🤖 AI Summary
Existing knowledge editing (KE) methods suffer significant performance degradation in multi-hop fact updates, especially when edits involve implicit intermediate subjects within reasoning chains. This work uncovers a mechanism in large language models wherein implicit subjects drive multi-hop reasoning through dynamically activated cross-layer query-value (Q-V) neuron pathways. Building on this insight, we propose ACE, an attribution-controlled KE framework that leverages causal analysis and neuron-level attribution to precisely identify and edit critical Q-V pathways, enabling fine-grained intervention over implicit knowledge associations.
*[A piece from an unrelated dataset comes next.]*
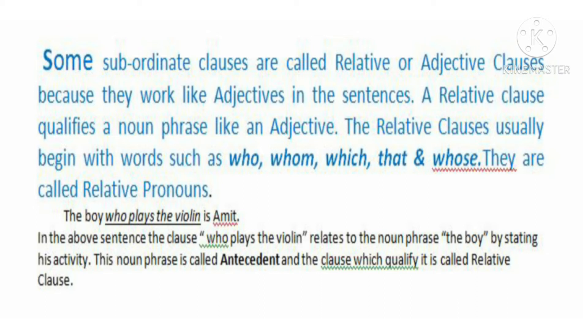These words are called relative pronouns. You must remember what are the relative pronouns. In our pronouns chapter, I have already told you that relative pronouns will be discussed in relative clause. The relative pronouns are who, whom, which, that, and whose.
Experiments demonstrate that ACE outperforms state-of-the-art methods by 9.44% on GPT-J and by 37.46% on Qwen3-8B. To our knowledge, ACE is the first KE approach grounded in dynamic neuronal mechanisms, establishing a novel, interpretable, and controllable paradigm for multi-hop knowledge editing.
📝 Abstract
Large Language Models (LLMs) require efficient knowledge editing (KE) to update factual information, yet existing methods exhibit significant performance decay in multi-hop factual recall. This failure is particularly acute when edits involve intermediate implicit subjects within reasoning chains. Through causal analysis, we reveal that this limitation stems from an oversight of how chained knowledge is dynamically represented and utilized at the neuron level. We discover that during multi hop reasoning, implicit subjects function as query neurons, which sequentially activate corresponding value neurons across transformer layers to accumulate information toward the final answer, a dynamic prior KE work has overlooked. Guided by this insight, we propose ACE: Attribution-Controlled Knowledge Editing for Multi-hop Factual Recall, a framework that leverages neuron-level attribution to identify and edit these critical query-value (Q-V) pathways. ACE provides a mechanistically grounded solution for multi-hop KE, empirically outperforming state-of-the-art methods by 9.44% on GPT-J and 37.46% on Qwen3-8B. Our analysis further reveals more fine-grained activation patterns in Qwen3 and demonstrates that the semantic interpretability of value neurons is orchestrated by query-driven accumulation. These findings establish a new pathway for advancing KE capabilities based on the principled understanding of internal reasoning mechanisms.